**Source material:**
>>>

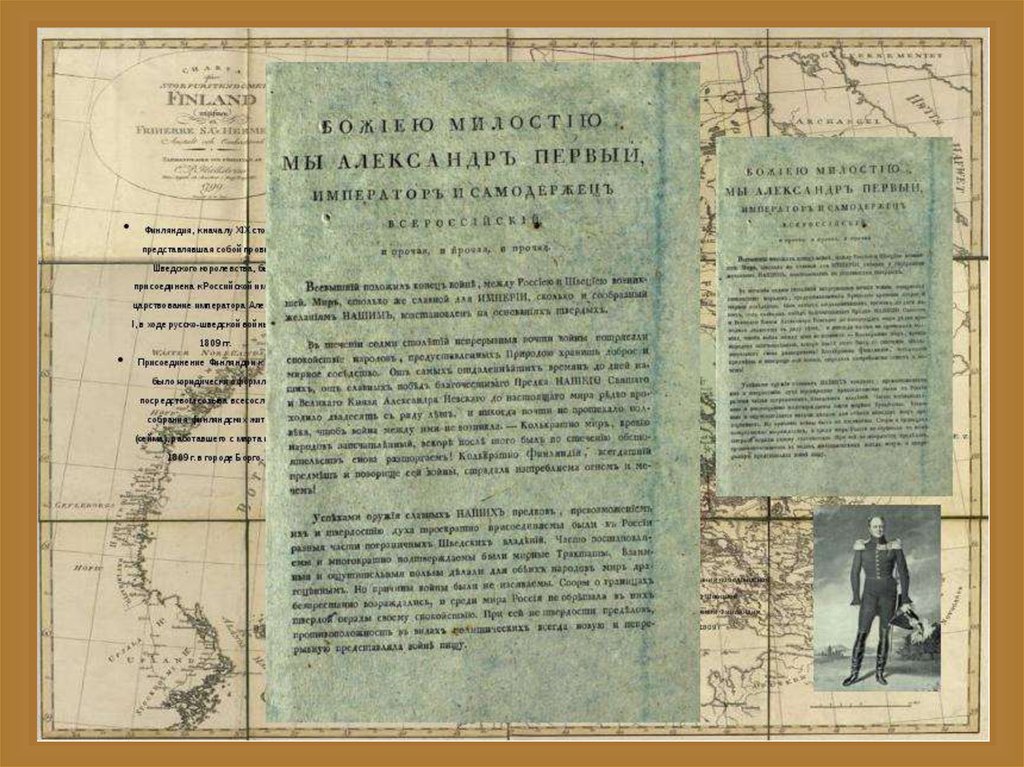 Финляндия в составе империи. Сейм Финляндии при Александре 1. Конституция 1809 Финляндии Александром первым. Манифест о присоединении Финляндии. Финляндия в составе России при Александре 1.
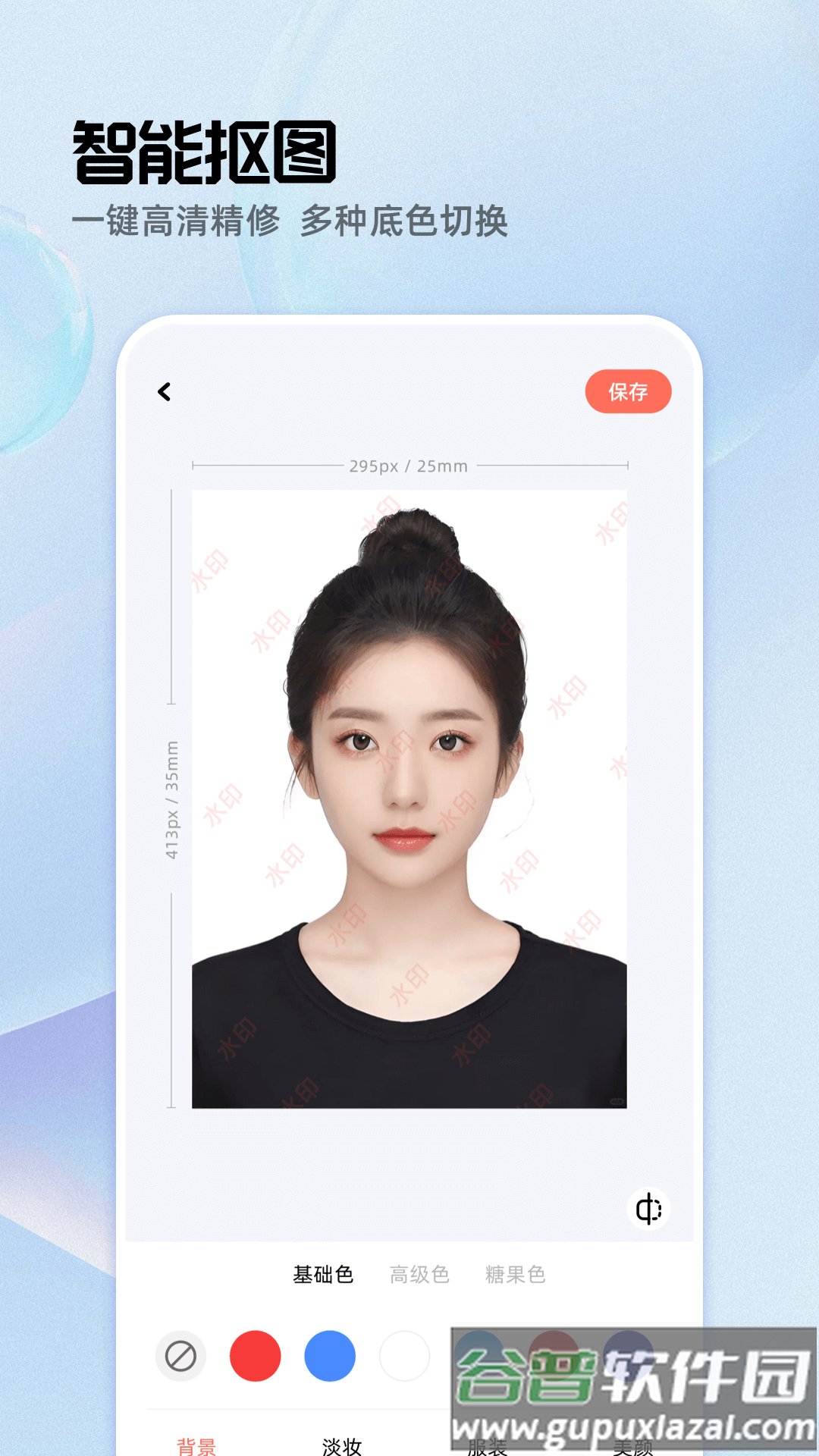 雪梨证件照官方版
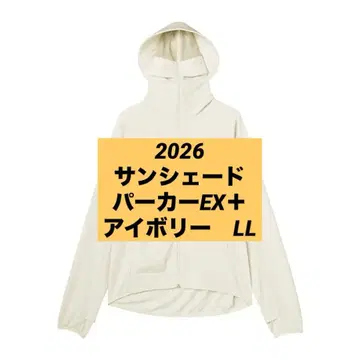 쿨 UV 선셰이드 후드티 EX+ 아이보리 LL 2026 워크맨 5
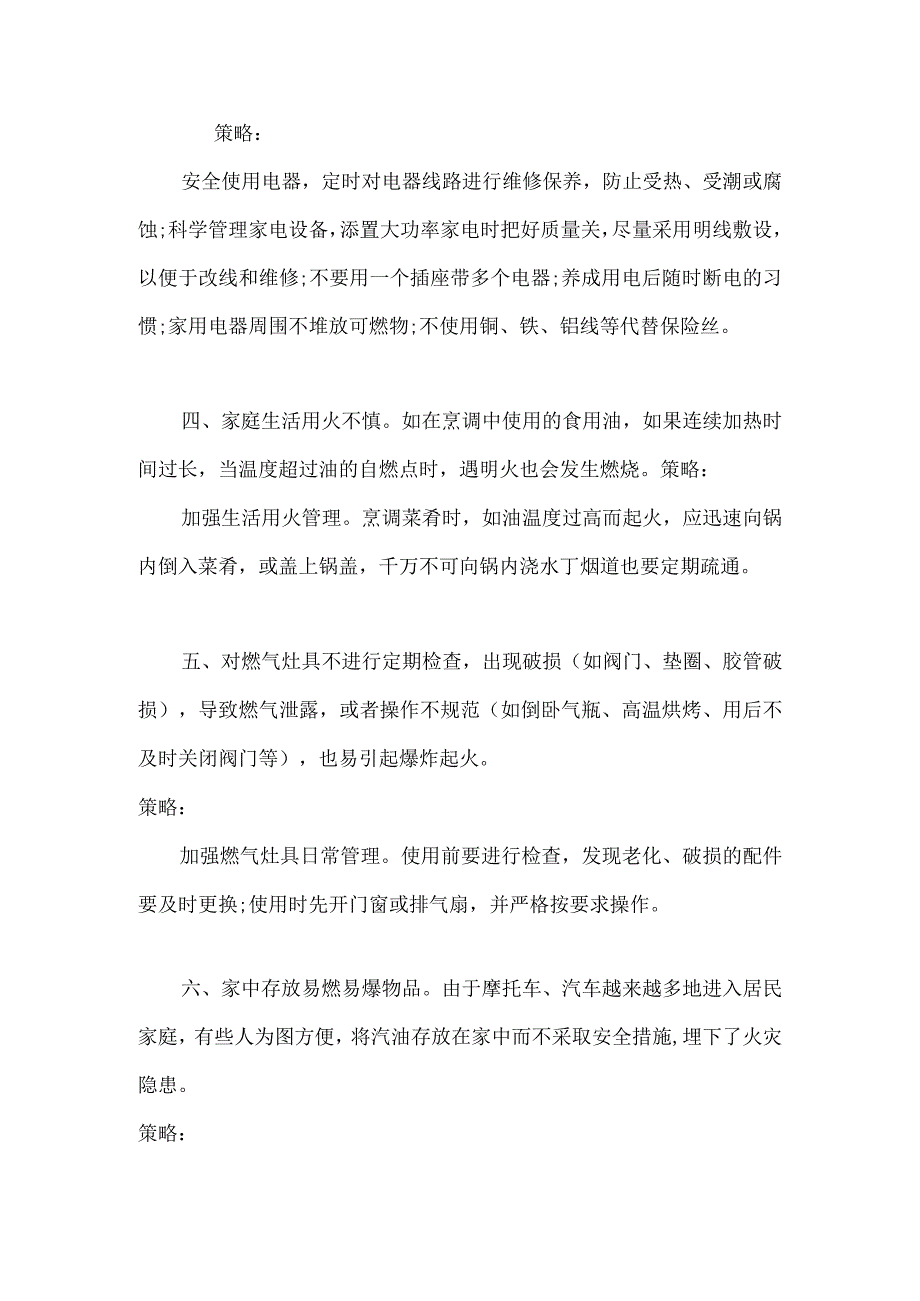 生活中十大火灾隐患及应对策略.docx_第2页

<<<

**Task objective:**
The whole listing should be reproduced exactly. Images don't go in.

**Response to this exercise:**
 Финляндия в составе империи. Сейм Финляндии при Александре 1. Конституция 1809 Финляндии Александром первым. Манифест о присоединении Финляндии. Финляндия в составе России при Александре 1.
 雪梨证件照官方版
 쿨 UV 선셰이드 후드티 EX+ 아이보리 LL 2026 워크맨 5
 生活中十大火灾隐患及应对策略.docx_第2页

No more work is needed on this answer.